Jeff’s Top Five Discoveries during the Vestibule Restoration
Recent efforts by our Senior Preservationist, Jeff Larry, to restore the Cottage vestibule have led to some interesting discoveries that have helped us understand how the vestibule may have looked during Lincoln’s time. May is Preservation Month and for this newsletter Jeff has put together his top five list of vestibule discoveries:
Hidden behind a panel on the door trim was a sash pulley that had been retrofitted to be used as part of a doorbell system. A visitor could announce their arrival by pulling a knob on the other side of the wall. The knob was attached to a wire which ran over the pulley and inside a metal tube down to the basement where a long lost bell would notify servants living or working in the basement that someone was at the door.
2. Waist Belt Plate
Discovered while excavating along the foundation beneath the vestibule stairs this brass waist belt plate (belt buckle) dates from 1815-1825! It’s not unusual for job site trash and debris to be used as backfill when refilling the trench that was dug to build the foundation. However, this waist belt plate appears perfectly intact so it is a bit of a mystery how it ended up in the ground over the summer of 1842!
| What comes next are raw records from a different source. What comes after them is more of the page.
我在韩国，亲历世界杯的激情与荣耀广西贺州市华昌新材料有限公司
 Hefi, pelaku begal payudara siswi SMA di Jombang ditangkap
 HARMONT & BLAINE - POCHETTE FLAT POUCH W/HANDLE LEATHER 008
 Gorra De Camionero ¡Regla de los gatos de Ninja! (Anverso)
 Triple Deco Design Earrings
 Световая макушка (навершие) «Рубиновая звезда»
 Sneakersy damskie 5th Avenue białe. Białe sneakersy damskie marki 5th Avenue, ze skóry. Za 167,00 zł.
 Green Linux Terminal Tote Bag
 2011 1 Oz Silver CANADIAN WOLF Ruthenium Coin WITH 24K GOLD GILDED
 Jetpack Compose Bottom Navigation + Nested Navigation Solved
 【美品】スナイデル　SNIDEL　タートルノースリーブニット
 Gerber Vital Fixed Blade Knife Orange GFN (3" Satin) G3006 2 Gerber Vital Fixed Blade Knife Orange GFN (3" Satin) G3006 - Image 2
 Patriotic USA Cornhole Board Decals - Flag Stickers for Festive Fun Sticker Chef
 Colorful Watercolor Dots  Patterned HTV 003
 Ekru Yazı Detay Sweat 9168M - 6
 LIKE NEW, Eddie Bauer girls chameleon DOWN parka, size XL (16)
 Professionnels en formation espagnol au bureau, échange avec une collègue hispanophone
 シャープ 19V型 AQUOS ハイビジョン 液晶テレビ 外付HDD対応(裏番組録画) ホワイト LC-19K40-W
3. Original Flooring & Threshbold
We knew of course that the concrete floor at the base of the vestibule stairs was not from Lincoln’s time. It was most likely installed in the late 19th/early 20th century. What we didn’t know was what type of flooring was there originally until we removed the concrete floor in early April. We found clear evidence of a wood framing system and pieces of the original tongue and groove flooring! We also discovered remnants of bluestone which most likely came from the original threshold.
4. Original Threshold
Note the different brickwork below the granite threshold. This was the location of the original bluestone threshold. The bricks were added when the new granite threshold and concrete floor were installed. This effectively raised the entire floor about 8”. That is why the bottom rail of the door looks so short – it was cut when the floor was raised!
5. Graining Exposure
Though we knew by the faded paint remnants discovered on the vestibule walls in 2007 that the decorative painting was meant to imitate wainscot (wood paneling), we didn’t know what type of wood was being portrayed until a conservator performed an exposure in 2014 (an exposure is when you carefully remove the layers of paint until you expose the historic layer you are trying to learn more about). We learned that the rails and stiles of the wainscot imitated walnut (the darker color) and the center panel was painted to look like white oak (yellow/orange area). Unfortunately the 2014 exposure did not clearly show the painted grain lines which is important if we want to replicate the style of the grainer. This picture shows an exposure that Jeff did back in January that confirms the types of wood, the lower rail of the painted wainscot curved with the stairs and, most importantly, a sufficient amount of grain lines to allow for a faithful reproduction!